Mesajde SOS Infertilitatea » Dum Mar 23, 2014 12:04 pm

My partner had just 16 sperm but IVF doctors gave us our one in a billion baby


Due to Carla Watts' partner Neil's mega low sperm count, conceiving a child seemed impossible - yet they beat incredible odds

Sitting in the fertility clinic, Carla Watts and her partner waited anxiously to hear if their dreams of having a baby would ever come true. Despite all the positive thoughts, their chances seemed slim.

For seven years, she and Neil Wilkinson had endured countless tests, invasive procedures and constant heartbreak – and even moved halfway across the country in their attempt to start a family.

But it was only when Neil provided repeated sperm samples that the couple understood the gravity of their situation. The average man produces tens of millions of sperm at a time. But in the 18 samples they took from Neil the doctors had found just 16. Despite their limited knowledge of biology, Carla and Neil knew that , even with IVF, there was little to no chance of her conceiving. A billion to one chance, in fact.

“We tried to be positive when they told us,” says Carla, 27. “There was no point trying otherwise. But in the back of our minds we thought the IVF probably wouldn’t work. The odds were just too small.”

And Neil, 34, an insurance broker, found the news almost unbearable.

“I felt like I was letting the team down,” he says. “Carla knew how I felt and reassured me it wasn’t my fault but I felt a failure”.

And yet thanks to the miracle of modern medicine, doctors still managed to fertilise some of Carla’s eggs with Neil’s 16 sperm, producing four embryos. Incredibly, Carla became pregnant after the first was implanted and in April last year, the astounded couple welcomed little Ava Rose into the world, truly their one in a billion baby.

“I had to pinch myself to believe she was really here,” says Neil, holding Ava, now 11 months old, at home in ­Portsmouth, Hants. “Even now, I look at her and think she’s so amazing, so beautiful – what a journey to get here.”

The couple, who met while working at Homebase 10 years ago, went to their GP in 2008 after two years of trying to have a baby. They were referred for tests at their local hospital. Carla was devastated to be told she wasn’t producing eggs. Worse, they were told there was nothing the hospital could do.

“They said they couldn’t help us, that we weren’t entitled to any help in our area because I was under 30. We were given the choice of waiting until I was 30, or paying for it ourselves at a cost of up to £10,000.

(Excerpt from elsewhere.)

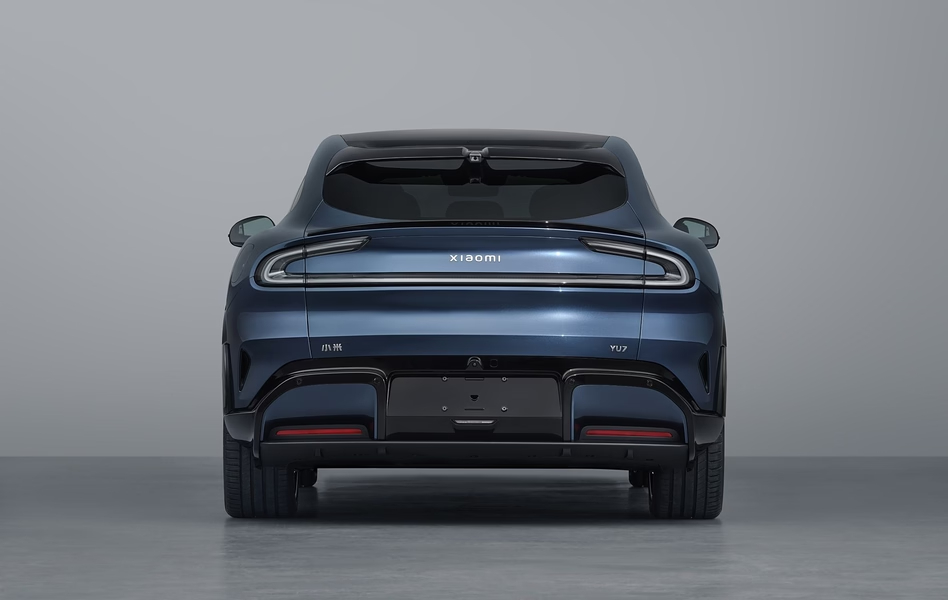 Ferrari напряглась? Представлен Xiaomi YU7 - первый кроссовер марки.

“Hearing that was awful. As soon as I left the hospital it hit me and I burst into tears.”

Once they got over the shock, the couple considered their options. “I was 23 at the time and we didn’t want to wait seven years,” says Carla. “It made no sense anyway when there’s a better chance the younger you are. Plus, we wanted a family young.”

Resorting to desperate measures due to the so-called “postcode lottery”, they decided to move to an area where they could get free NHS fertility treatment despite Carla’s age.

“It was a big move, and it meant leaving everything behind. We didn’t have jobs, friends or a place to stay but that’s how much we wanted a baby.”

So in August 2010 they moved 150 miles from Portsmouth to Desborough, ­Northants, where Carla’s sister Nicky lived.

“We didn’t go to the GP for a year, as it was important to get settled in the area first,” says Carla. And in August 2011, after they had found jobs, a home and started making friends, they went to their doctor and explained everything.

“We were referred to Kettering General Hospital and had loads of blood tests and examinations. We found out I didn’t have the ovulation problems after all but Neil had a very low sperm count. We just didn’t know quite how low,” says Carla.

In December 2011, the couple were told they were eligible for NHS treatment and in February the following year they went to Care Fertility, a nationwide specialist in IVF, for a consultation.

And they were given the news Neil had azoospermia, a condition that affects 1% of men and causes an absence of sperm.

While a low sperm count might mean hundreds of sperm being present, or even low thousands, with Neil they were looking at the odd individual one.

“That was probably the lowest point for me,” says Neil. “I felt it was me causing all the problems. I’m a laid-back person and try not to let things get me down too much but it was hard. Even though I had done nothing to cause it, I felt guilty but I tried to keep strong for Carla.”

Carla says: “It’s only now that he’s opened up a bit more about it and admitted he felt it had taken his manhood away.”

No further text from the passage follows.